[Opening Supplied material section]
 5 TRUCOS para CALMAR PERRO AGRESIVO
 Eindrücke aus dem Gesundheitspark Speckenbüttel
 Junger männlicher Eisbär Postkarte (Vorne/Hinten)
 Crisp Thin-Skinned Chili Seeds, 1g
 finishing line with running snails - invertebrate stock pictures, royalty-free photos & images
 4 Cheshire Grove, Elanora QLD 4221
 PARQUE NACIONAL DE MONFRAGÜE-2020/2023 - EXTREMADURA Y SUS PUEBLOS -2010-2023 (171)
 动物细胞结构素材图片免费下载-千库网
[Closing Supplied material section]
[Opening Supplied material section]
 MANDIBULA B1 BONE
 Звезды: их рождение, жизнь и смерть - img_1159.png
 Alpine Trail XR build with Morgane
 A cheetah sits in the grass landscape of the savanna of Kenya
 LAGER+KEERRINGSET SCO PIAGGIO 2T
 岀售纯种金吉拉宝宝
[Closing Supplied material section]
[Opening Supplied material section]
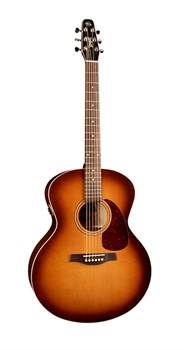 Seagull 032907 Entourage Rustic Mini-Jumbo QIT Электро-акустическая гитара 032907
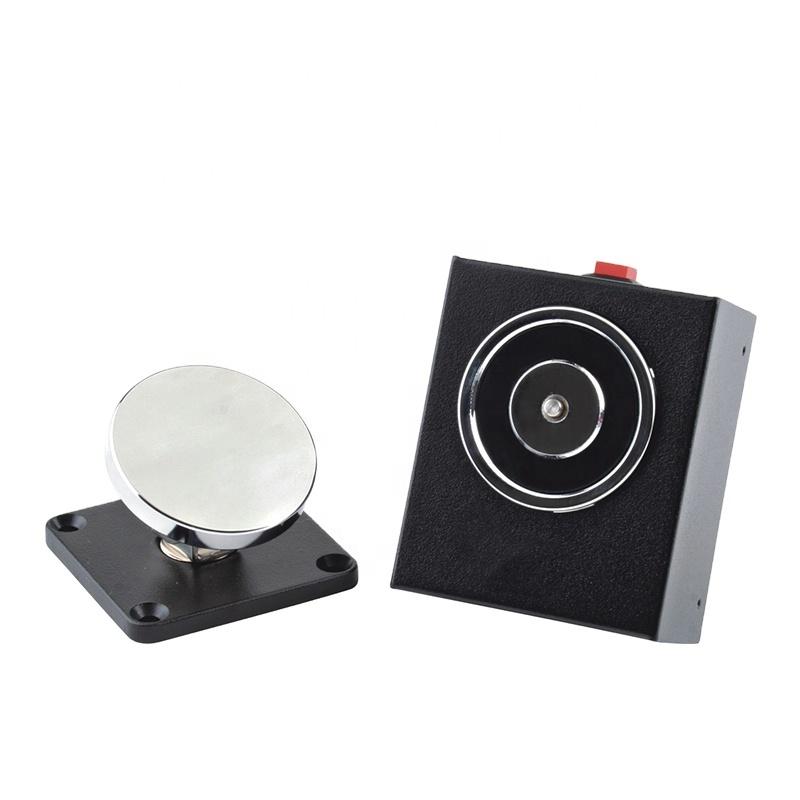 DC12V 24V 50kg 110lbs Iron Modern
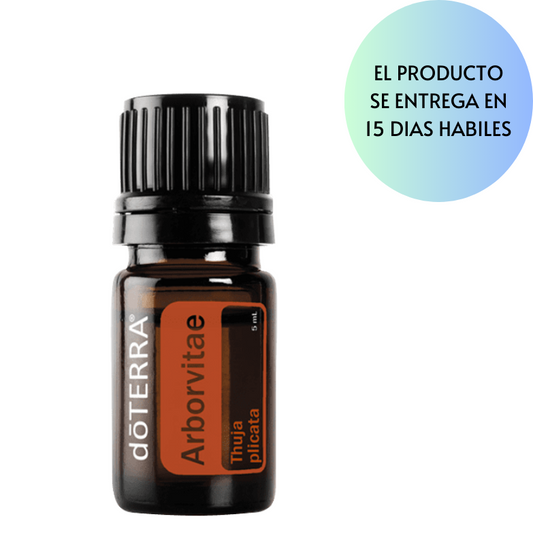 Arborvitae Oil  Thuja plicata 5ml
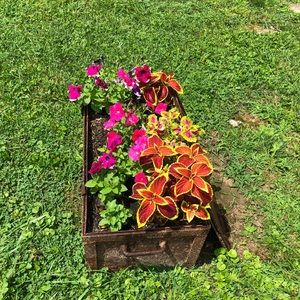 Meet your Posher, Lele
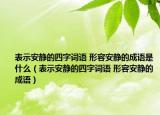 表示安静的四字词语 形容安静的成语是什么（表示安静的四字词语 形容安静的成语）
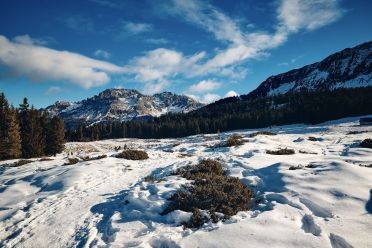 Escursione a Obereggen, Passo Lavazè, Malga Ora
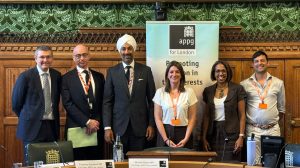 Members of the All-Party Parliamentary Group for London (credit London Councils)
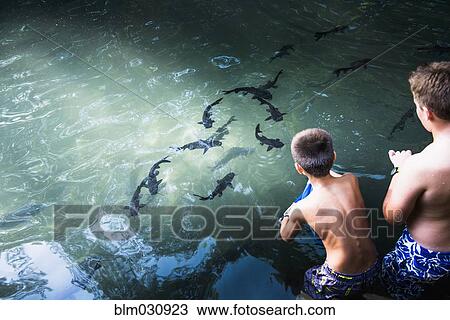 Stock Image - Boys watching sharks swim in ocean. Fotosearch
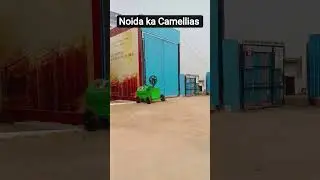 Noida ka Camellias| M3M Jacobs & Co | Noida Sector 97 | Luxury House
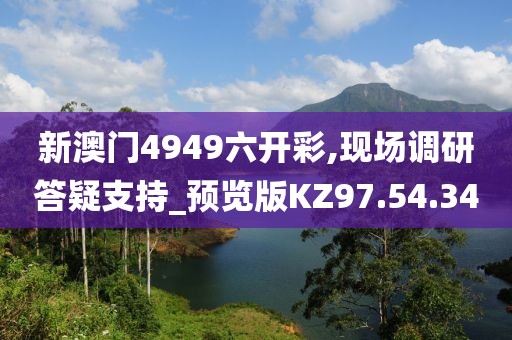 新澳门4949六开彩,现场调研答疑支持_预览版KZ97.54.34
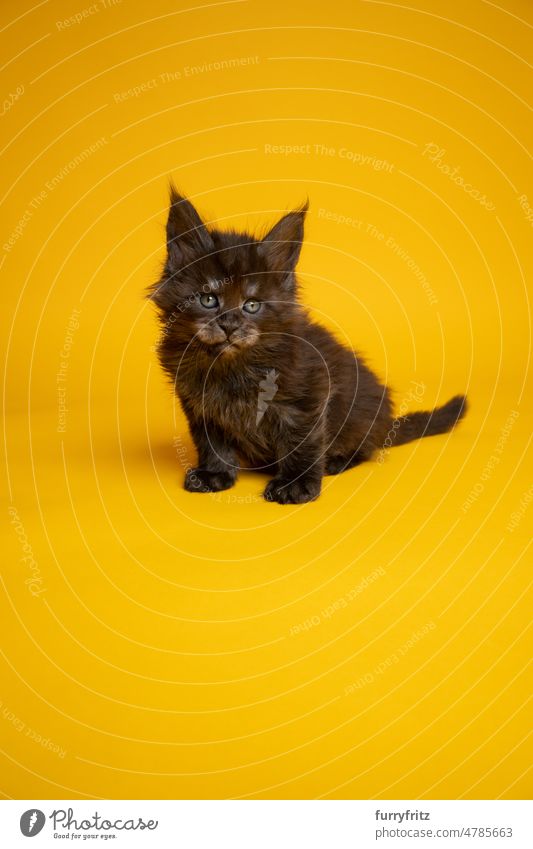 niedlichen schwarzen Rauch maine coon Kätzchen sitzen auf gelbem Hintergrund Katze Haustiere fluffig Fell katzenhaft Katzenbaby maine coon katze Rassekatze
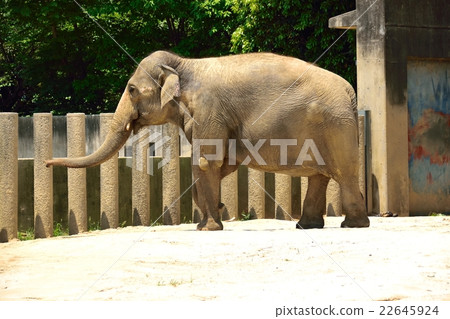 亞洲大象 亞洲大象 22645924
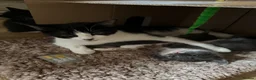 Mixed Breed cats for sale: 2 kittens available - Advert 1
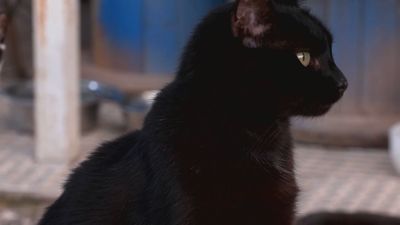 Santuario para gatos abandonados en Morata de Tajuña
[Closing Supplied material section]
### Required action
Although pictures appear among the records above, none are to be output; print exactly the lines from the line containing "Escursione a Obereggen, Passo" through the line containing "Santuario para gatos".

### Solution to the problem
 Escursione a Obereggen, Passo Lavazè, Malga Ora
 Members of the All-Party Parliamentary Group for London (credit London Councils)
 Stock Image - Boys watching sharks swim in ocean. Fotosearch
 Noida ka Camellias| M3M Jacobs & Co | Noida Sector 97 | Luxury House
 新澳门4949六开彩,现场调研答疑支持_预览版KZ97.54.34
 niedlichen schwarzen Rauch maine coon Kätzchen sitzen auf gelbem Hintergrund Katze Haustiere fluffig Fell katzenhaft Katzenbaby maine coon katze Rassekatze
 亞洲大象 亞洲大象 22645924
 Mixed Breed cats for sale: 2 kittens available - Advert 1
 Santuario para gatos abandonados en Morata de Tajuña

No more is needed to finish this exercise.